Herbalife Nutrition Announces Closing of $1.25 Billion Credit Facility & $400 Million Aggregate Principal Amount of Senior No...
16 August 2018 - 10:40PM
Business Wire
Herbalife Nutrition Ltd. (NYSE: HLF) (the “Company”), a global
nutrition company, today announced that it has closed a new $1.25
billion senior secured credit facility, which consists of a $250
million revolving credit facility maturing August 2023, a $250
million term loan A maturing August 2023 and a $750 million term
loan B maturing August 2025. The Company also announced today the
closing of the previously announced offering by HLF Financing SaRL,
LLC and Herbalife International, Inc. (the “Issuers”), each a
wholly owned subsidiary of the Company, of $400 million aggregate
principal amount of Senior Notes due 2026 (the “Notes”).
The Company used the net proceeds from the offering, together
with borrowings under the Company’s new senior secured credit
facilities, to refinance all amounts outstanding under its prior
senior secured credit facilities and to pay related fees and
expenses. Any remaining net proceeds will be used for general
corporate purposes. The prior senior secured credit facility was
due to mature in February 2022 with respect to the revolver and
February 2023 with respect to the term loan.
“The refinancing provides a substantive improvement in interest
rates and terms as compared to our prior credit facility, and it
was significantly oversubscribed,” said Bosco Chiu, the Company’s
chief financial officer. “We thank our banking partners for their
confidence and commitment to Herbalife Nutrition.”
Loans under the revolving credit facility and term loan A
facility bear interest at a per annum rate equal to LIBOR plus
3.00% while loans under the term loan B facility bear interest at a
per annum rate equal to LIBOR plus 3.25%. Jefferies acted as
administrative agent for the new term loan B facility and
collateral agent for the credit facility, and Rabobank acted as
administrative agent for the revolving credit facility and the term
loan A facility. Jefferies and Rabobank acted as joint book runners
and joint lead arrangers for the term loan B facility, and Rabobank
acted as sole lead book runner and sole lead arranger for the term
loan A facility and revolving credit facility.

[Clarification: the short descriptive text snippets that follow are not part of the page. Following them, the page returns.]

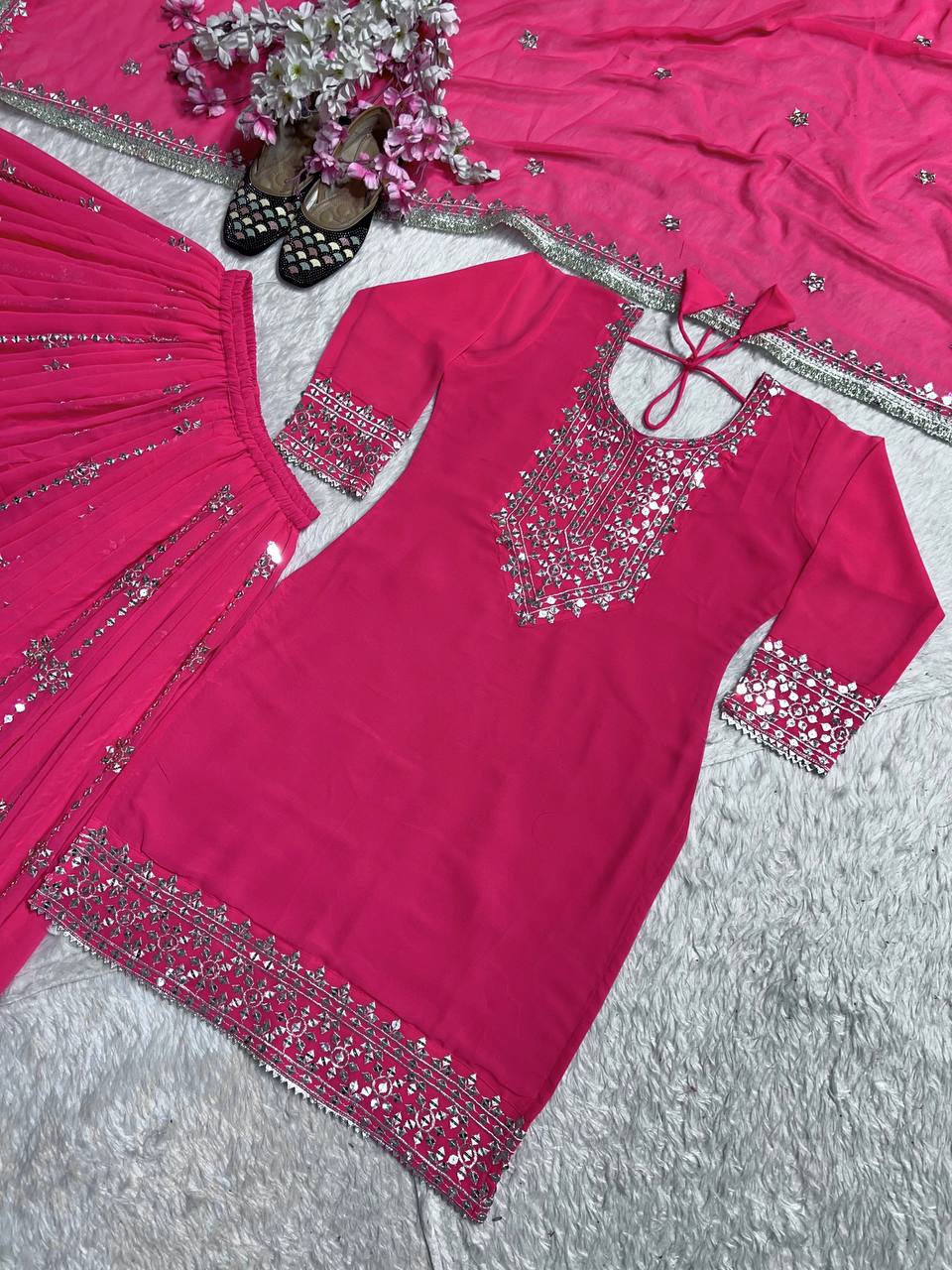 New Designer Party Wear Look Top-Plazzo and Dupatta With Heavy Embroidery Work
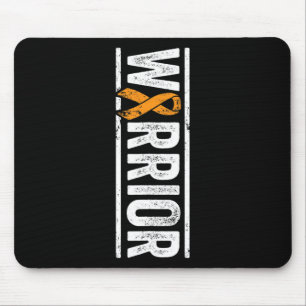 Leukemia Warrior - Vertical Orange Cancer Awarenes Mouse Mat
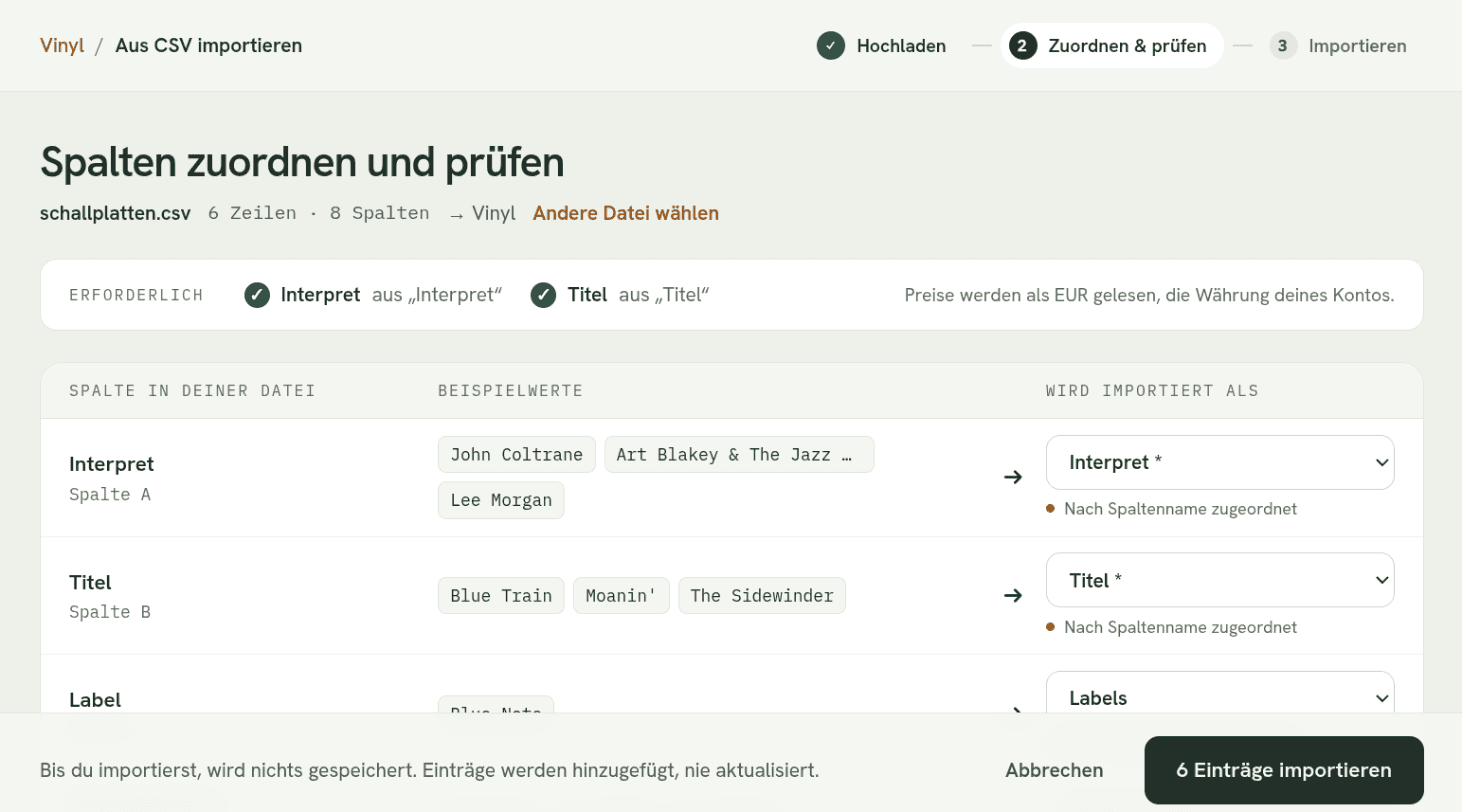 Der zweite Schritt des CSV-Imports: Die Spalten einer Datei mit sechs Zeilen werden den Feldern des Tonträgers zugeordnet, mit Beispielwerten und einer Auswahl unter „Wird importiert als“.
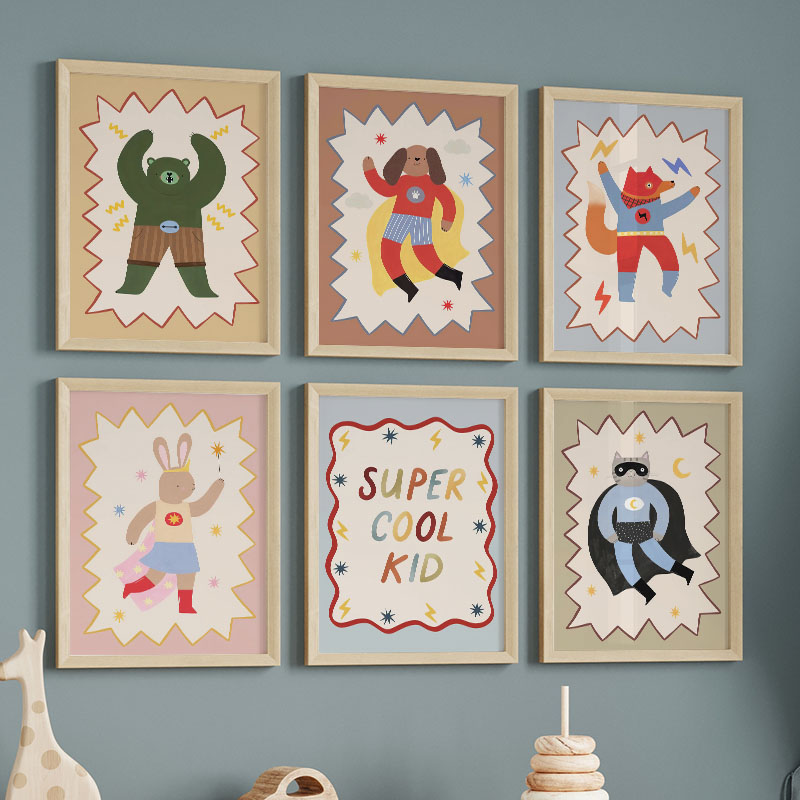 Baby Nursery Prints - Lustige Cartoon-Wandkunst für Kinderzimmer, Leinwandgemälde mit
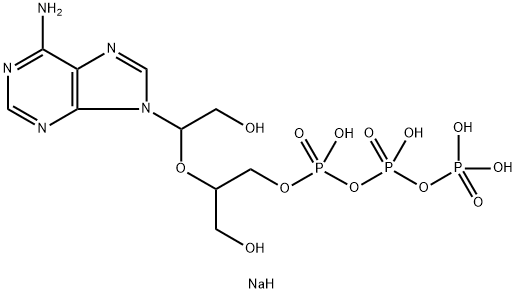 P- [2- [1-（6-（6-氨基-9H-嘌呤-9-基））-2-羟基羟乙氧基] -3-羟基丙基]三磷酸酯三钠盐 （9CI）, 102185-15-9, 结构式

The Notes have a fixed annual interest rate of 7.250%, which
will be paid semi-annually on February 15 and August 15 of each
year, commencing on February 15, 2019. The Notes are guaranteed by
the Company, the parent company of the Issuers, and on a senior
unsecured basis by each of the Company’s existing subsidiaries that
guarantee the obligations of the U.S. domestic borrowers under the
Company’s new senior secured credit facilities discussed above and
any future subsidiaries of the Company that will similarly
guarantee such obligations of such borrowers.
This press release is neither an offer to sell nor a
solicitation of an offer to buy the Notes, nor shall there be any
sale of the Notes in any state or jurisdiction in which such an
offer, solicitation or sale would be unlawful prior to the
registration or qualification under the securities laws of any such
state or jurisdiction. The Notes have not been and are not expected
to be registered under the Securities Act of 1933, as amended, or
the securities laws of any other jurisdiction, and may not be
offered or sold in the United States absent registration or an
applicable exemption from registration requirements.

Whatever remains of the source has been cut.